STUDY MATERIAL section start

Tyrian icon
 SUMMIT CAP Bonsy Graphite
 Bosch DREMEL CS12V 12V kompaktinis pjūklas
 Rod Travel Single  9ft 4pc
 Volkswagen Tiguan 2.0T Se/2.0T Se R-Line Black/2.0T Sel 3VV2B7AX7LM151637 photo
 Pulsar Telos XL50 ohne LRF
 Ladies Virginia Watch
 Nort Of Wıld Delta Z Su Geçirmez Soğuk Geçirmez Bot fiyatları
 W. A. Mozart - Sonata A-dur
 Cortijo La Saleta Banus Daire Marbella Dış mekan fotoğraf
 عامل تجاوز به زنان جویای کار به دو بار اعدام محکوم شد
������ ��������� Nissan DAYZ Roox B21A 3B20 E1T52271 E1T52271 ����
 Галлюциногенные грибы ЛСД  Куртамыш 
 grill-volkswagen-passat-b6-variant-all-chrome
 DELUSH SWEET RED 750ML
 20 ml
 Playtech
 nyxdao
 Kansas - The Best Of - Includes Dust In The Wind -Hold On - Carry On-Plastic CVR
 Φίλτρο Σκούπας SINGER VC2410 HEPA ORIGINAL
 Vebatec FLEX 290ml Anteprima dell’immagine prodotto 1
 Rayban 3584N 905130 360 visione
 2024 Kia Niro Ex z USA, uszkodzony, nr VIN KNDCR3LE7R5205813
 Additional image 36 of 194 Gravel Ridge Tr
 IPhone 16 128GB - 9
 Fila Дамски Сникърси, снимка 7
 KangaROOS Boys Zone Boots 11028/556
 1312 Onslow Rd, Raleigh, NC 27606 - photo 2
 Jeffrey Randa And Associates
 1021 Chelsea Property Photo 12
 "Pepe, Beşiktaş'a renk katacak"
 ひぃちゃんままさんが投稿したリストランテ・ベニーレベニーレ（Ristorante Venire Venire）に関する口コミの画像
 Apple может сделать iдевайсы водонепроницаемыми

STUDY MATERIAL section end

EXERCISE OBJECTIVE: The answer consists only of the lines from the one containing "2024 Kia Niro" to the end of the records, each written out exactly.

ANSWER BOX:
 2024 Kia Niro Ex z USA, uszkodzony, nr VIN KNDCR3LE7R5205813
 Additional image 36 of 194 Gravel Ridge Tr
 IPhone 16 128GB - 9
 Fila Дамски Сникърси, снимка 7
 KangaROOS Boys Zone Boots 11028/556
 1312 Onslow Rd, Raleigh, NC 27606 - photo 2
 Jeffrey Randa And Associates
 1021 Chelsea Property Photo 12
 "Pepe, Beşiktaş'a renk katacak"
 ひぃちゃんままさんが投稿したリストランテ・ベニーレベニーレ（Ristorante Venire Venire）に関する口コミの画像
 Apple может сделать iдевайсы водонепроницаемыми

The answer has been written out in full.